* _WHAT IS EXPECTED_: Pictures stay out. Everything else in the listing below gets written out exactly.
** Opening DATA EXTRACT block **
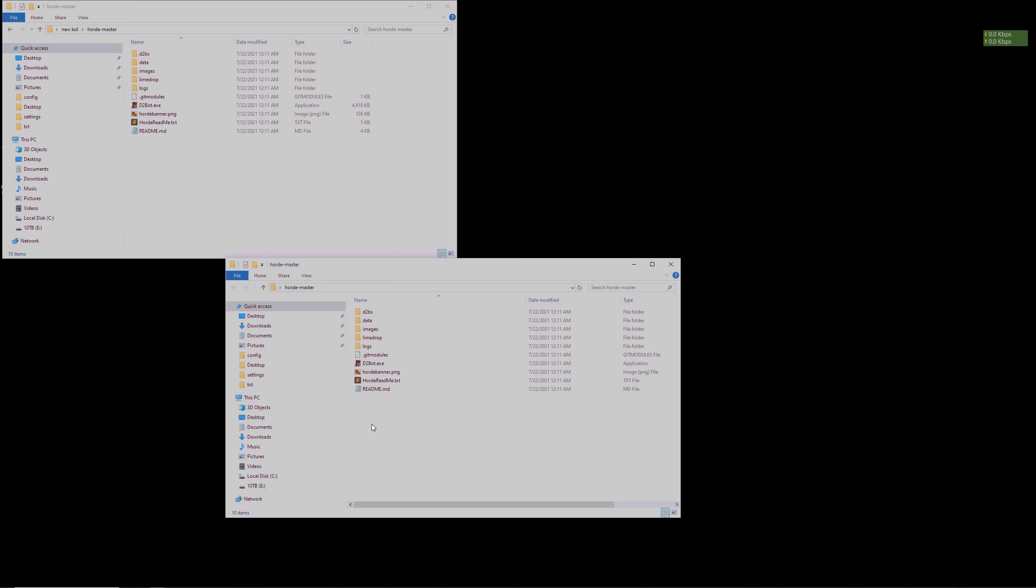A quick reminder that the Horde script is a multi-bot script that levels, uses skills, stat points, and equips new items as it progresses through the game. There's a few ways we can reset Horde.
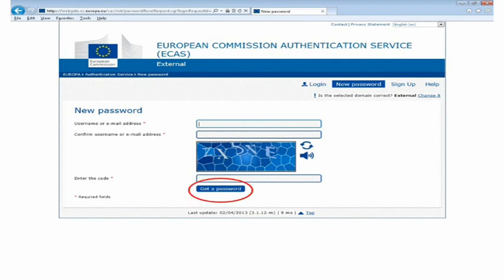After clicking on 'Get a Password', you will receive an automatic email. You must click on the link provided in the email to create your ECAS password. You must complete this within one and a half hours, or you will need to repeat this process again. You can also follow this same procedure if you have forgotten your password or wish to change it. Once you have created your password, you have successfully registered on ECAS.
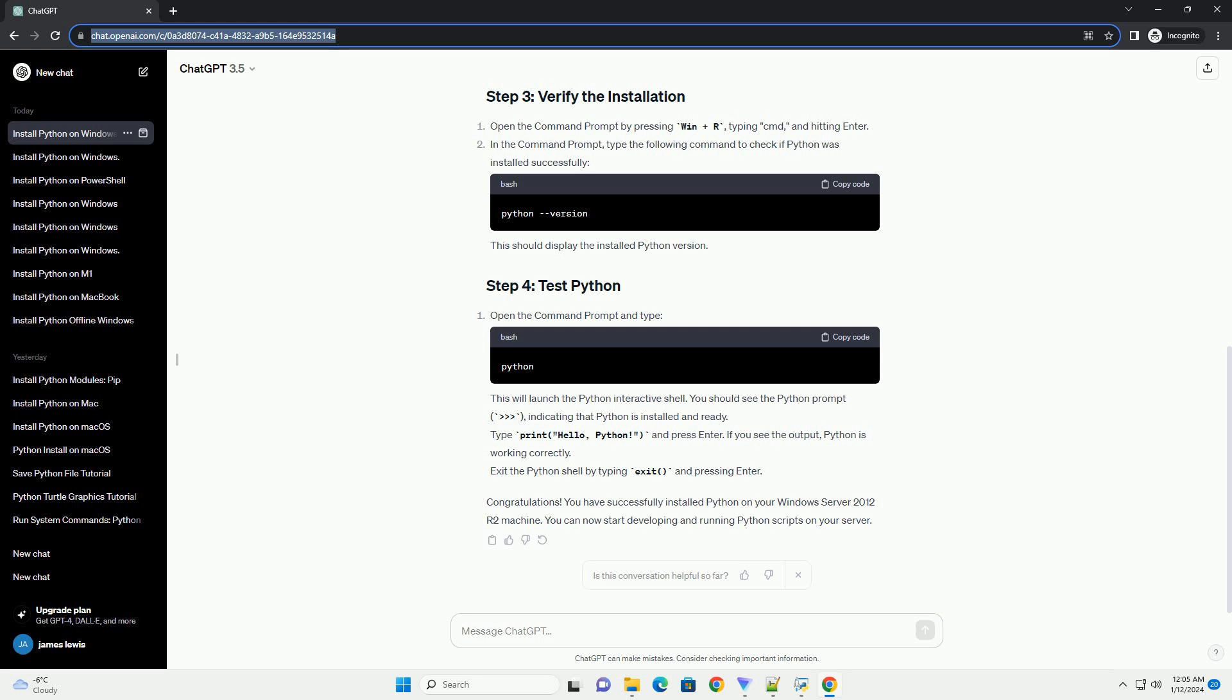Locate the downloaded Python Installer and double-click on it to run the installation wizard. On the first screen, make sure to check the box that says Add Python to Path before clicking Install Now. This will make it easier to run Python from the command prompt. The installer will begin the installation process. Wait for it to complete.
** Closing DATA EXTRACT block **
* _EXERCISE SOLUTION_:
A quick reminder that the Horde script is a multi-bot script that levels, uses skills, stat points, and equips new items as it progresses through the game. There's a few ways we can reset Horde.
After clicking on 'Get a Password', you will receive an automatic email. You must click on the link provided in the email to create your ECAS password. You must complete this within one and a half hours, or you will need to repeat this process again. You can also follow this same procedure if you have forgotten your password or wish to change it. Once you have created your password, you have successfully registered on ECAS.
Locate the downloaded Python Installer and double-click on it to run the installation wizard. On the first screen, make sure to check the box that says Add Python to Path before clicking Install Now. This will make it easier to run Python from the command prompt. The installer will begin the installation process. Wait for it to complete.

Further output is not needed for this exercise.